Getting candid with Dadar’s Home Chef, Aditi Limaye
- Nandini Rohela

- Jan 28
- 4 min read
Updated: 7 days ago
From working in her father's kitchen to establishing her own, Chef Limaye's culinary journey is both heartwarming and exciting.

As I stepped into Home Chef, a cosy corner caught my eye, and I quickly rushed to take the seat. A quirky restaurant that celebrates food in Mumbai; you know how demanding a job it can be for one to launch a food spot that’ll hit in all the right places and tick all of your boxes. Finding one such restaurant in Mumbai is an ordeal in itself.

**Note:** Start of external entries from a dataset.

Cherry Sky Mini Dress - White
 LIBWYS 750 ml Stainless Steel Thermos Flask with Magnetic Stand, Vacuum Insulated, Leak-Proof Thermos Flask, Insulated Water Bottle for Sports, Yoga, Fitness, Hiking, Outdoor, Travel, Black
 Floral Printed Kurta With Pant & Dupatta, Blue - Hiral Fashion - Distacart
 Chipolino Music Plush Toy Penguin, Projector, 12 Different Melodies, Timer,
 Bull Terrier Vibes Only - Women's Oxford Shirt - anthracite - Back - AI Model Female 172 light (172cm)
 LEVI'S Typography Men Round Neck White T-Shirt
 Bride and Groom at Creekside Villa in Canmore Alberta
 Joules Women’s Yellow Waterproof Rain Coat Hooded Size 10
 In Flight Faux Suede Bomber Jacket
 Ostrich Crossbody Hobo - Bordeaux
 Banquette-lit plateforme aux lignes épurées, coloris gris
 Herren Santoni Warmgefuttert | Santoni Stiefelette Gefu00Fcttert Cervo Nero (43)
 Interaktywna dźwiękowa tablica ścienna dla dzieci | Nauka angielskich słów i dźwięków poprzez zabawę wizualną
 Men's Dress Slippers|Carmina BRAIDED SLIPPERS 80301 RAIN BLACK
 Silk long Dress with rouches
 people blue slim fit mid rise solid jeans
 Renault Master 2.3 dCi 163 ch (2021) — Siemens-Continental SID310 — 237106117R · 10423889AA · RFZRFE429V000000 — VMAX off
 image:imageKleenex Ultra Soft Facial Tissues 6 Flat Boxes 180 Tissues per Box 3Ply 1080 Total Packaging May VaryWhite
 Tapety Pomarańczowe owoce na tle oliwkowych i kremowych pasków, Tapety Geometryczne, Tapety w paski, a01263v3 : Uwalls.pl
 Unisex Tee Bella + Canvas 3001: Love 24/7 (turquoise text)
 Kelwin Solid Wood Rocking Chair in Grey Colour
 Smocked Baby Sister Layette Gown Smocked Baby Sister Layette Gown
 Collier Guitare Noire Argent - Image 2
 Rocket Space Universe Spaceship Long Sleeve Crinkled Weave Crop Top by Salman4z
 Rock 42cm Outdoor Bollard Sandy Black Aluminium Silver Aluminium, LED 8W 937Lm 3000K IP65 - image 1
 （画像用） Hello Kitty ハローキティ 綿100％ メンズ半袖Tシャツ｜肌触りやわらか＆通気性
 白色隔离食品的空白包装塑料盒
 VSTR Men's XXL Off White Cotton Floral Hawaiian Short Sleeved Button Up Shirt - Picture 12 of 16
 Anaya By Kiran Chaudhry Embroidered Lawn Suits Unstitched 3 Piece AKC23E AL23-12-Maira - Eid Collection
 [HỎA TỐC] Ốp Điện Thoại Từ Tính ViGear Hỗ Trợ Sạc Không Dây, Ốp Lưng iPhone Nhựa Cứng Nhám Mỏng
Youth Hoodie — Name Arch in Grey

But tucked away in the heart of Dadar is Aditi Limaye’s Home Chef that makes the task of choosing rather less taxing. Helmed by chef Limaye, this place offers eclectic food choices and experiences. From Ramen Carnivals to Mango festivals, it's a space rooted in memory, invention and intentionality.
A kitchen that never felt intimidating

“I was always surrounded by food, and so liking it came naturally to me," says Aditi. For her, the kitchen had never been a strange or an intimidating place, but a rather familiar one that provided comfort. Thanks to her father, Rahul Limaye–Founder of the iconic Gypsy restaurant in Dadar, who played a key role in grooming her, from dicing onions and tomatoes the right way to making pizza from scratch.
Long before the menus of her very own restaurant showed up, Aditi had been honing her skills as a chef; first at the esteemed hotel conglomerate Oberoi, then at Indigo Delicatessen at Colaba. “That’s where I really learnt the concept of pairing Indian and western foods together,” she explains. Beyond collecting culinary experiences like stones in a bag, Limaye soaked in the lessons along the way and eventually channelled them all into a food joint, which she founded at 23, alongside three school friends.
“It was my very first venture. We were very young, wanting to do business, and had more fun than ever,” she chuckles as she explains. The days were long, margins were thin, but the will to learn remained as strong as a late-night black coffee. After two years, the experimentation came to an end, paving the way for Aditi’s move into professional restaurant kitchens.
Honing the craft at Home Chef

Not every person or restaurant can match the gumption of Chef Limaye and her pursuit of greater food and ventures. It was in 2008 when she got the opportunity to open Home Chef once again, but this time she was wiser. “We had a small cake counter, seating for about eight to ten people. But it started doing really well,” she beamed.
In her new venture, Aditi aspired to pour in every bit of what she had learnt early on in her career as a chef at Olive, Oberoi, etc. Because that’s exactly how one cultivates a fine-dining experience for others, a mix of past learnings with a dash of inspiration from who you’ve looked up to. The chef’s meticulousness led to newfound epiphanies as her journey continued. From feedback via comment cards to realisations of what an Indian’s flavour palate demands, Limaye found the sweet spot right in the middle.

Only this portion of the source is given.